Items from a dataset
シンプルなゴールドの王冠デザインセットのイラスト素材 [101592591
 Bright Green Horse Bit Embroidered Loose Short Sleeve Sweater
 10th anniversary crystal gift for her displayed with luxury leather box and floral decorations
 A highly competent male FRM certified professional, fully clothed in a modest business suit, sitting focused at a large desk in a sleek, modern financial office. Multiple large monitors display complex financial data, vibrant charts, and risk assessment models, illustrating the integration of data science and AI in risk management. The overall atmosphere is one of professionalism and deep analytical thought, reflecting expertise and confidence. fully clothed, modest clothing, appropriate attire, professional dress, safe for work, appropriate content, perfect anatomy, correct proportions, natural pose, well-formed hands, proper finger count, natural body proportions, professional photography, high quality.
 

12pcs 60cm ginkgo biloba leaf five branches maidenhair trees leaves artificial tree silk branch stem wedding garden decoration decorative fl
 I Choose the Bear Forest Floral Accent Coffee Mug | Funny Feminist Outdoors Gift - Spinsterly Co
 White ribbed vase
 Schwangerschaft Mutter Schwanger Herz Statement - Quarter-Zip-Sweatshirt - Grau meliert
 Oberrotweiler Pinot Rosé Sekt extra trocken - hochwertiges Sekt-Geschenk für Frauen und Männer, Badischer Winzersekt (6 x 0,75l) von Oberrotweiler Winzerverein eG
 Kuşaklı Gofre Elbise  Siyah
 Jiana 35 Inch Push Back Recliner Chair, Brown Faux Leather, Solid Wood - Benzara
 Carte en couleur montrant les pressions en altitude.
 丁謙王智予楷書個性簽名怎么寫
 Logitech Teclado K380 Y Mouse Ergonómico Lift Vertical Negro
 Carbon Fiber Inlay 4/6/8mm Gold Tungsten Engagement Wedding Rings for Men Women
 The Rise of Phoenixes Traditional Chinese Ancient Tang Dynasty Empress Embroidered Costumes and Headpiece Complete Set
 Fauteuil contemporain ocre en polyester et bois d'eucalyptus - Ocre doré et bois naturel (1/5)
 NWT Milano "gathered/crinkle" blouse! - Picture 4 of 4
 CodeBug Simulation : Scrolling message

- Required work -
Each line of the data above should appear again in your answer, exactly as given.

- Task result -
シンプルなゴールドの王冠デザインセットのイラスト素材 [101592591
 Bright Green Horse Bit Embroidered Loose Short Sleeve Sweater
 10th anniversary crystal gift for her displayed with luxury leather box and floral decorations
 A highly competent male FRM certified professional, fully clothed in a modest business suit, sitting focused at a large desk in a sleek, modern financial office. Multiple large monitors display complex financial data, vibrant charts, and risk assessment models, illustrating the integration of data science and AI in risk management. The overall atmosphere is one of professionalism and deep analytical thought, reflecting expertise and confidence. fully clothed, modest clothing, appropriate attire, professional dress, safe for work, appropriate content, perfect anatomy, correct proportions, natural pose, well-formed hands, proper finger count, natural body proportions, professional photography, high quality.
 

12pcs 60cm ginkgo biloba leaf five branches maidenhair trees leaves artificial tree silk branch stem wedding garden decoration decorative fl
 I Choose the Bear Forest Floral Accent Coffee Mug | Funny Feminist Outdoors Gift - Spinsterly Co
 White ribbed vase
 Schwangerschaft Mutter Schwanger Herz Statement - Quarter-Zip-Sweatshirt - Grau meliert
 Oberrotweiler Pinot Rosé Sekt extra trocken - hochwertiges Sekt-Geschenk für Frauen und Männer, Badischer Winzersekt (6 x 0,75l) von Oberrotweiler Winzerverein eG
 Kuşaklı Gofre Elbise  Siyah
 Jiana 35 Inch Push Back Recliner Chair, Brown Faux Leather, Solid Wood - Benzara
 Carte en couleur montrant les pressions en altitude.
 丁謙王智予楷書個性簽名怎么寫
 Logitech Teclado K380 Y Mouse Ergonómico Lift Vertical Negro
 Carbon Fiber Inlay 4/6/8mm Gold Tungsten Engagement Wedding Rings for Men Women
 The Rise of Phoenixes Traditional Chinese Ancient Tang Dynasty Empress Embroidered Costumes and Headpiece Complete Set
 Fauteuil contemporain ocre en polyester et bois d'eucalyptus - Ocre doré et bois naturel (1/5)
 NWT Milano "gathered/crinkle" blouse! - Picture 4 of 4
 CodeBug Simulation : Scrolling message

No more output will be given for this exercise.